**WHAT THE TASK ASKS**
In the data below, the answer is the run of lines from the line containing "Pt900 メレダイヤモンド付き リング" through the line containing "de qualidade Parque", both included; print it exactly and nothing else.

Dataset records
===

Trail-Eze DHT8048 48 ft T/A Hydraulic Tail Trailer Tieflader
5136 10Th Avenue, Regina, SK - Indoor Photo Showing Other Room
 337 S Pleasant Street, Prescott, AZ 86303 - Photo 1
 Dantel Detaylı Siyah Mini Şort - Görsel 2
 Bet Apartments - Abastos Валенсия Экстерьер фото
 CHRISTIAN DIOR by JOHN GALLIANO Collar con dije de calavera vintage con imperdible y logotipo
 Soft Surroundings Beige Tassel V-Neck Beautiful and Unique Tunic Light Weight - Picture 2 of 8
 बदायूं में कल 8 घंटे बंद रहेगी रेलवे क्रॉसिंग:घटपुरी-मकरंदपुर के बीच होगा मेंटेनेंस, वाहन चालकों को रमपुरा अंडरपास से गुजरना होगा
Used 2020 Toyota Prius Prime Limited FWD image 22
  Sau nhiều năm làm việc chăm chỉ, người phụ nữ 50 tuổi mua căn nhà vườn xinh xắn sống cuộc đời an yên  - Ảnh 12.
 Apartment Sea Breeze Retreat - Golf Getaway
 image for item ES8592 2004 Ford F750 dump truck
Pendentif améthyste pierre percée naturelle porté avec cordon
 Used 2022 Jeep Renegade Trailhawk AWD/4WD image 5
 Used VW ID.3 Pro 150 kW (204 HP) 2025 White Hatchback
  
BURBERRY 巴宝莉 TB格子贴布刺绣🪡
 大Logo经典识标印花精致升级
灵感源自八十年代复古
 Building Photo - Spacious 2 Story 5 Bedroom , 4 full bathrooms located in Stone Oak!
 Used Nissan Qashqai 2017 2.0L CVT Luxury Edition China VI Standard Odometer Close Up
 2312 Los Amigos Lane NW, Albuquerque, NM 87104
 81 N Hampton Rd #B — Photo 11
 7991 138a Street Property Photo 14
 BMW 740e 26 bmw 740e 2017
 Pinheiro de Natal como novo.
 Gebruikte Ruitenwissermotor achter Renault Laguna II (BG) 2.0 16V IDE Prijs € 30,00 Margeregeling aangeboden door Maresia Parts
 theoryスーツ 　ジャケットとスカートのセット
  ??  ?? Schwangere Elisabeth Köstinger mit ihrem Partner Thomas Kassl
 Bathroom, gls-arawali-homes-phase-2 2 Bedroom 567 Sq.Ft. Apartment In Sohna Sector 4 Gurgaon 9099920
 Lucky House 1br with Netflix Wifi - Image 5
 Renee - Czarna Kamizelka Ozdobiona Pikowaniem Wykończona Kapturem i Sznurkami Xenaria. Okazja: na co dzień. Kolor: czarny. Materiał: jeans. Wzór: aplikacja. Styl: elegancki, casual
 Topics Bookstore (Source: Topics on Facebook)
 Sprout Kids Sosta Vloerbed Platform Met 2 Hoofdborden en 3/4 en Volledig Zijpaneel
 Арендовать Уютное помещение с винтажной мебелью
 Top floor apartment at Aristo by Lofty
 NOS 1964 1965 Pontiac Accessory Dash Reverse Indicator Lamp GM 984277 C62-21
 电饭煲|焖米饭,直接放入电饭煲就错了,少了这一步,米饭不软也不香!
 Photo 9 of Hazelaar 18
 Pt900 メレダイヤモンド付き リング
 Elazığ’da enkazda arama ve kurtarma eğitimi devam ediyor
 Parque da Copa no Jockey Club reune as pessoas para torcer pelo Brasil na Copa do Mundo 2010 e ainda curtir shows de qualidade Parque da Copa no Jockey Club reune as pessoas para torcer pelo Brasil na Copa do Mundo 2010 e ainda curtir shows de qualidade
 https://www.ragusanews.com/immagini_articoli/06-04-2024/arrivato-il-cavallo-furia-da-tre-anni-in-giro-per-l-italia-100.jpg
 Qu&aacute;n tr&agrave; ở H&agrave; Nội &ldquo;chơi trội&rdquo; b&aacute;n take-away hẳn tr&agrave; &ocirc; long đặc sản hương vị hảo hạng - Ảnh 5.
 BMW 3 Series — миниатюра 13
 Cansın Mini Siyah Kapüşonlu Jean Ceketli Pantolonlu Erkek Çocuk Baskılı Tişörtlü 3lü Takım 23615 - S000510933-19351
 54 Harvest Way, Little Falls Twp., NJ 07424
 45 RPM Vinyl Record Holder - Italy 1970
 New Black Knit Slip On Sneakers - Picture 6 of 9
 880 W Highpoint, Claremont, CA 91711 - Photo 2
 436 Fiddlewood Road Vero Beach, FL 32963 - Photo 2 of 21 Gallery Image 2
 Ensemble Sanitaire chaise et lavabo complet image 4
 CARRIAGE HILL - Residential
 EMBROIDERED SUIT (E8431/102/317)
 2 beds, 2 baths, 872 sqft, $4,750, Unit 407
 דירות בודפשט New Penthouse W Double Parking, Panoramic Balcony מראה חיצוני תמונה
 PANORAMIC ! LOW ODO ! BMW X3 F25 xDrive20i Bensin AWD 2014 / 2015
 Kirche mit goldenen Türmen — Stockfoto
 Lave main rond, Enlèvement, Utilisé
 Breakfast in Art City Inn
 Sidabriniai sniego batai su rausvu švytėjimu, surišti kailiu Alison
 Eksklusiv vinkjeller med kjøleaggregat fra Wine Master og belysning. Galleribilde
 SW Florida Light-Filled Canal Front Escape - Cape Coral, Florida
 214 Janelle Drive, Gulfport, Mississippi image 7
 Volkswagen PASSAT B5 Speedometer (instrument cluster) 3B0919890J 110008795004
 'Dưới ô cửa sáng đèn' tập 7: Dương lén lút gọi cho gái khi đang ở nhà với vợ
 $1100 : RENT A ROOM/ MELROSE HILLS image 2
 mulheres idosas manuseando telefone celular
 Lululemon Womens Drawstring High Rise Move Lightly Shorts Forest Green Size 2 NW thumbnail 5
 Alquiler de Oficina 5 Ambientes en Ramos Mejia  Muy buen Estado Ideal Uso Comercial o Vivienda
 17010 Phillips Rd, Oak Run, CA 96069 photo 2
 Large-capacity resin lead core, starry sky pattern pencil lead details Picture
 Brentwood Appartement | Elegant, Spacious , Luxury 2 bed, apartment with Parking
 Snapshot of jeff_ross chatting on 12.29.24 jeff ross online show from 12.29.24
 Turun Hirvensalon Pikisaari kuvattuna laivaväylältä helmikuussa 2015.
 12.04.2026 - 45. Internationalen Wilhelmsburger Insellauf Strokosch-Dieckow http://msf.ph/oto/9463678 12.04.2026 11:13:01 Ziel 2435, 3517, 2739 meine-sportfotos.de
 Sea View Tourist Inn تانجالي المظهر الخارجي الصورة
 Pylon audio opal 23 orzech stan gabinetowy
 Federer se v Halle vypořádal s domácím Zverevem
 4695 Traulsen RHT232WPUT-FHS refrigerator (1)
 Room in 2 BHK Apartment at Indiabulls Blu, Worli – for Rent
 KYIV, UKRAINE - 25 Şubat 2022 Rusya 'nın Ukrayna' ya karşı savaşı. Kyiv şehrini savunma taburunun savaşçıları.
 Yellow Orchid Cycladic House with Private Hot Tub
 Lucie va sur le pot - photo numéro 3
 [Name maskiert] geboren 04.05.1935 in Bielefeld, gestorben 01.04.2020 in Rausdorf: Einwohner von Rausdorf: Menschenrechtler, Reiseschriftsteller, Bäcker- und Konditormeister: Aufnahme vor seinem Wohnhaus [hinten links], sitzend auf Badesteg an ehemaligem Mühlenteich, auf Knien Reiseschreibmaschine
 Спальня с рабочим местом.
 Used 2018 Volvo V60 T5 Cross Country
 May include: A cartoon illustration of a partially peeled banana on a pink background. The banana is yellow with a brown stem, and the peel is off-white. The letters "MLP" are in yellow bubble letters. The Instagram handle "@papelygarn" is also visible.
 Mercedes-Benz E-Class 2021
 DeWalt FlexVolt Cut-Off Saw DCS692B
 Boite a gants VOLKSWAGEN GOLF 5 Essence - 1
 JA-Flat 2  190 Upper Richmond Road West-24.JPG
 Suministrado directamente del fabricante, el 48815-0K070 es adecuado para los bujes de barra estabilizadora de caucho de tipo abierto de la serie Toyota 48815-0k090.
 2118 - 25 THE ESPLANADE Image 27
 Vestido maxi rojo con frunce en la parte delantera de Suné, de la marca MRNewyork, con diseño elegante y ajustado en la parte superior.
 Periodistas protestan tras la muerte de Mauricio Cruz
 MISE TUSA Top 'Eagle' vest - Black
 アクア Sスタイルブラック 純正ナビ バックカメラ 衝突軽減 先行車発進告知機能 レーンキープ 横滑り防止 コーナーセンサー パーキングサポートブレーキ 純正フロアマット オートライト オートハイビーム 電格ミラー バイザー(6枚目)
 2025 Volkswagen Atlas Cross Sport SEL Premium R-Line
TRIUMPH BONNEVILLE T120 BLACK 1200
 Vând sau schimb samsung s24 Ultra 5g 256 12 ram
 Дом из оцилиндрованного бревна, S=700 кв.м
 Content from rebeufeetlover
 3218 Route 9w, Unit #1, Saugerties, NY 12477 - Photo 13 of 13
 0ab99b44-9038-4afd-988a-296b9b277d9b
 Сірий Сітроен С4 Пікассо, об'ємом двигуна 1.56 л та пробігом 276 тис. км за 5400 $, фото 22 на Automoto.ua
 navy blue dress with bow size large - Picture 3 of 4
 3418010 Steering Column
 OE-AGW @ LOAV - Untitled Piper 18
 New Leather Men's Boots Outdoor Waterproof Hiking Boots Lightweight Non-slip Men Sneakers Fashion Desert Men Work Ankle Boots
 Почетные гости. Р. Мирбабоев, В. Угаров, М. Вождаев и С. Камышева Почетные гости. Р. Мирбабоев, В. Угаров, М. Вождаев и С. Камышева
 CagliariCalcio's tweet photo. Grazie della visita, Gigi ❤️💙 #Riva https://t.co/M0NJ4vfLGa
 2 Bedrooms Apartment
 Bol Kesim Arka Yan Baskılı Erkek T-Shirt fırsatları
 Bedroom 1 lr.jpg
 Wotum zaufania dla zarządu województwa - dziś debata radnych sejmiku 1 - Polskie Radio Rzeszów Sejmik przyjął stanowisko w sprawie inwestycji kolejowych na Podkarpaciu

===

**RESULT**
 Pt900 メレダイヤモンド付き リング
 Elazığ’da enkazda arama ve kurtarma eğitimi devam ediyor
 Parque da Copa no Jockey Club reune as pessoas para torcer pelo Brasil na Copa do Mundo 2010 e ainda curtir shows de qualidade Parque da Copa no Jockey Club reune as pessoas para torcer pelo Brasil na Copa do Mundo 2010 e ainda curtir shows de qualidade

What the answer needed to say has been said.